In 1996, Hiss wrote the initial vision statement for Amtrak's new Great American Station Foundation, along with the report that launched New York State's 100-mile-long Hudson River Valley Greenway initiative. He was part of the 1997-1998 Metropolitan Initiative Project, sponsored by the President's Council on Sustainable Development. Hiss consults frequently on changing regional growth patterns, and on imaging the future through alternate development scenes, threats mapping, ecostructure mapping, and environmental simulation. He has lectured widely in the U.S. and Canada.
Hiss is director of the Conservancy for Historic Battery Park and of the Village Alliance (a New York business improvement district), on the advisory board of Scenic America, Inc., a Contributing Editor to Preservation magazine, and a Fellow of the New York Institute for the Humanities. His work has appeared in The New York Times, Newsweek, Gourmet, The Atlantic, and Travel & Leisure.
The National Recreation and Park Association awarded Hiss its 1995 National Literary Award for a lifetime of "spellbinding and poignant" writing about "how our environments, modes of travel, and other aspects of the American landscape affect our lives." "His words," said the citation, "are often poetic, always real."
The Experience of Place. Hiss uses the experience of place to help us understand how profoundly we are affected by the places around us.

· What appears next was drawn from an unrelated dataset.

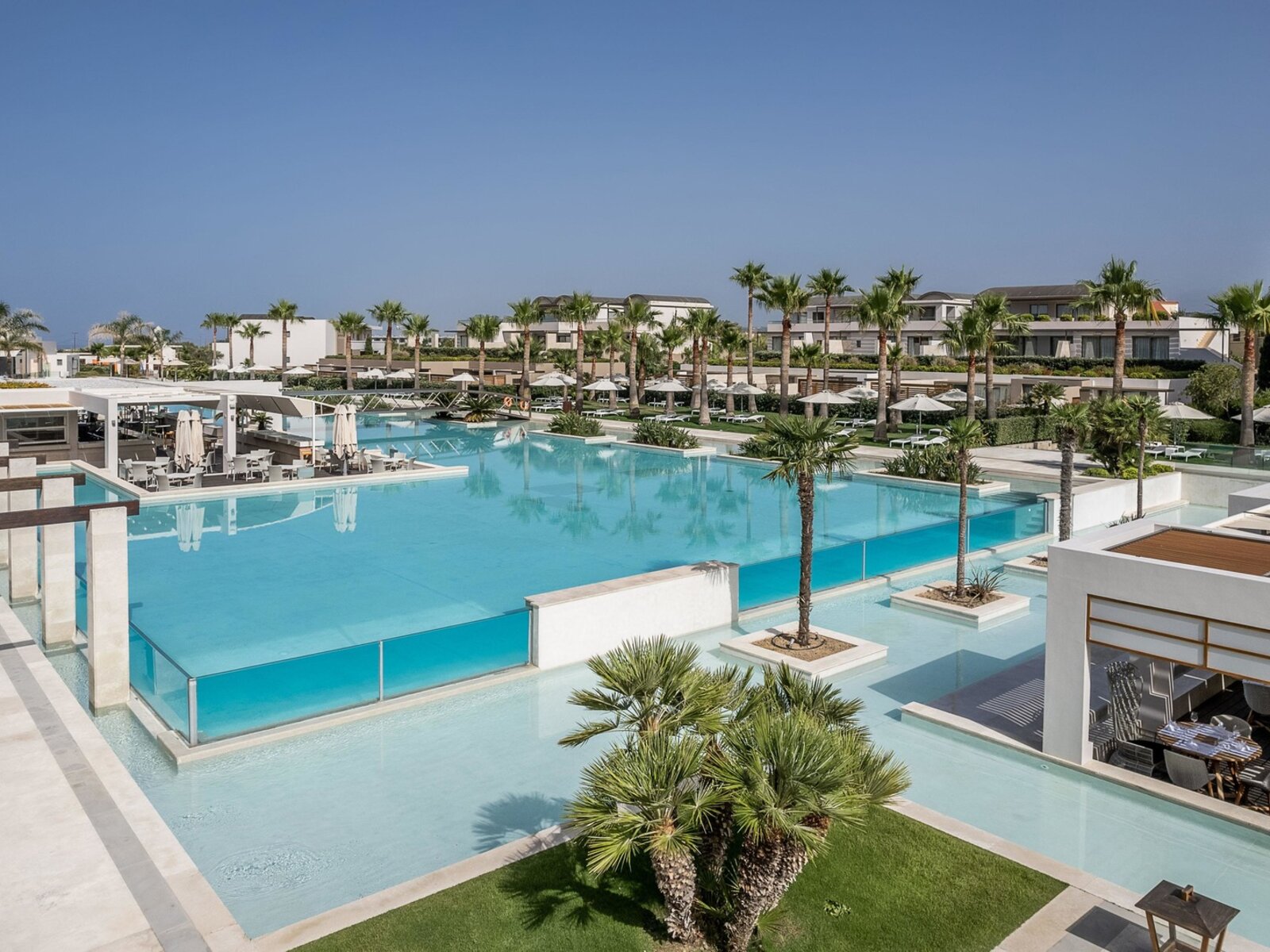 Main Glass Pool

By bringing together the insights of planners, ecologists, psychologists, and environmentalists, he explores how our experiences in public places can restore our connection to our senses. His work uncovers why some places - the concourse of Grand Central Terminal or a small farm or the corner of a skyscraper - affect us so mysteriously and forcefully. In doing so, he demonstrates how our society can continue to grow without destroying the places that have nourished it for generations.
"A damaged experience is not only numbing; over time we can begin to mistake it for the original."
"Conscious noticing of what we're experiencing, once we get back the hang of it, can be a common denominator, a language of connectedness between social, environmental, and economic concerns. Using the things we know or sense about places but seldom put into words, we can bring all our minds to bear on the problems of how our communities, regions, and landscapes should change."
"Until recently, when people spoke about a vivid experience of a place, it would usually be a wonderful memory, a magic moment at one of the sweet spots of the world - an orange sunset over a white sand beach; or hearing the soft hooting of an owl while standing in a moonlit meadow; or standing up for one minute during the seventh-inning stretch of a sold-out playoff game at Fenway Park in Boston; or walking up Fifth Avenue in New York at Christmastime, dodging past roast-chestnut and hot-pretzel vendors, and catching a glimpse of the two stone lions in front of the Public Library, with fresh snow on their gray manes and big wreaths around their necks."
"These days people often tell me that some of their most unforgettable experiences of places are disturbingly painful and have to do with unanticipated loss. Sometimes there's less to see or hear or do in a place: the curving road in front of an old suburban house, for instance, gets straightened and widened, and suddenly a favorite grove of oaks or pines that the winds whistled through is chopped down and paved over. In the center of a big city, people who have been used to window-shopping from the bus on the way home from work find that they can't look out the bus windows at night anymore because these now have a dark-green or bronze tint - and then, squinting tight, they realize there are no longer any store windows to see, because they have all been covered over by steel grates."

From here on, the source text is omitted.